Domestic violence is not restricted to married couples or adults. Students at The University of Southern Mississippi face their own risks of abusive relationships.

“Abuse is not always physical,” said Captain Lisa Carter, a special operations commander for the University Police Department. “A relationship can consist of emotional abuse, where someone is constantly talking down to you. It can be psychological and controlling, and then there is sexual/physical abuse.”

There are red flags that young women can look for to prevent abuse in their relationships.

“Some signs that an intimate partner is abusive is excessive control, constantly texting asking where you are or who you are with, stalking you, isolating you from your friends and family or manipulating you into thinking everything is your fault,” Carter said.

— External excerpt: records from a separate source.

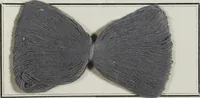 Picture 71 of 110 from New products manufactured by Farbwerke vorm. Meister Lucius & Brüning, Hoechst on the Main, Germany. (1900), leaf 132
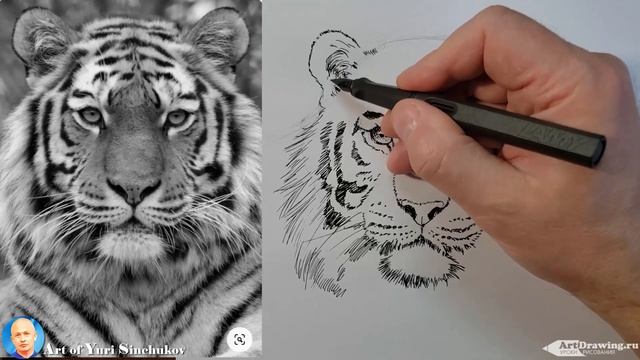как нарисовать тигра как нарисовать тигра легко how to draw a tiger смотреть онлайн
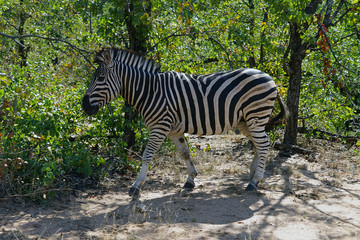 Fototapeta na wymiar African Burchell Zebra in the wilderness alone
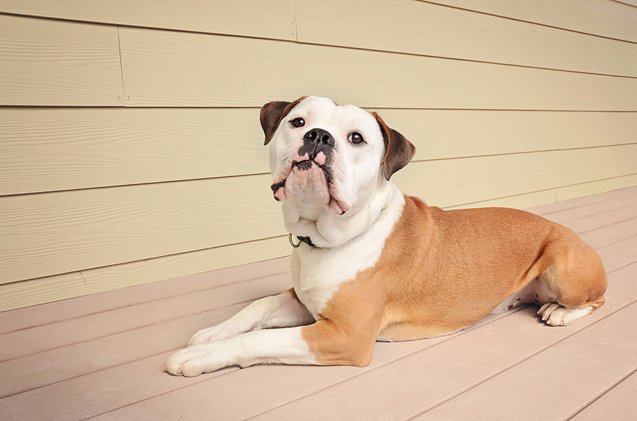 olde english bulldogge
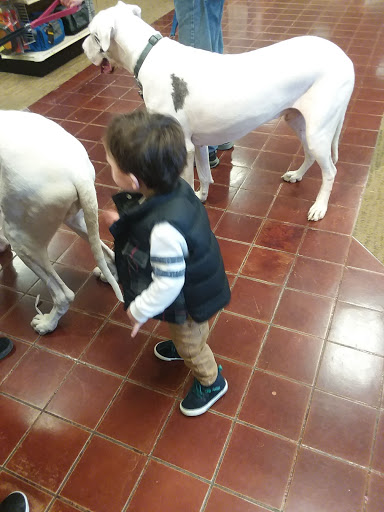 Shopping Mall «Cincinnati Mall», reviews and photos, 600 Cincinnati Mills Dr, Cincinnati, OH 45240, USA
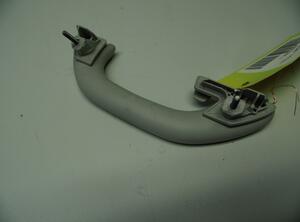 Grab Handle VW GOLF PLUS (5M1, 521)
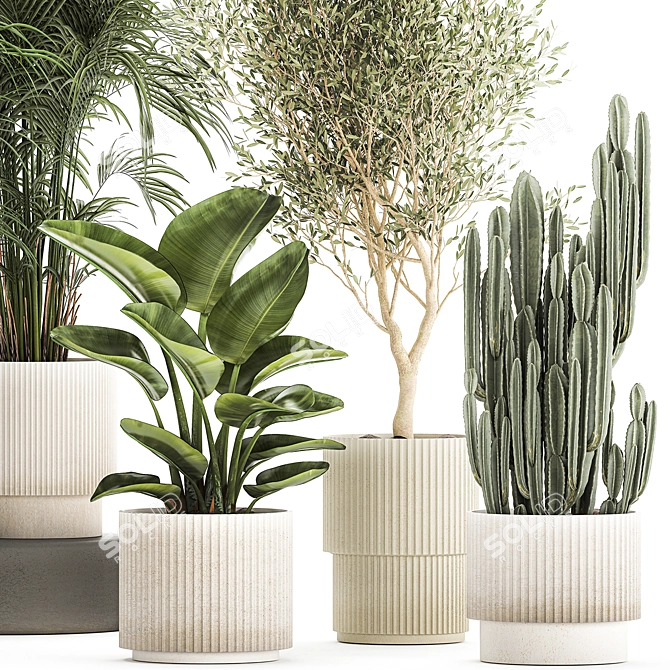 Tropical Plant Collection in Stylish Pots 3D model image 2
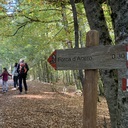 Forca D’Acero Ottobre 2023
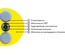 Hyperline FO-STFR-IN-9-8-LSZH-YL Кабель волоконно-оптический 9/125 (G.652D) одномодовый, 8 волокон, одномодульный, круглый, водоблокирующий гель, усиленный стеклопластиковыми стержнями, внутренний, LSZH, нг(А)-HF, желтый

“If someone reports domestic violence to UPD, we are obligated to investigate it whether it happened on or off campus.”

Certain resources are available to victims of abuse on the USM campus like the counseling center, the Title IX office, which handles affirmative action, and the Shafer Center for Crisis Intervention. After reporting abuse, UPD will provide escorts to and from classes to avoid contact with the abuser and allow the victim to transfer class sections if shared by the two parties.

Mayoral assistant Valerie Arnold said that domestic violence is something that should be proactively focused on year-round.

“There are so many people who are totally unaware of how painful the problem of domestic violence is, especially to the victims,” Arnold said. “It is important to raise awareness not only in the month of October, but year-round, because it is something that continually happens.”

According to PBS, it is often hard to leave an abuser. Some people stay with the hope that the other person will change, and others feel trapped. Some feel guilty. The myth is that a person suffering abuse has no way out, but the fact remains that abuse of any kind—sexual, physical or emotional—is damaging and dangerous. If you are suffering from an abusive relationship, please call 911 and take the first steps in saving your own life. It is not easy, but it gets better.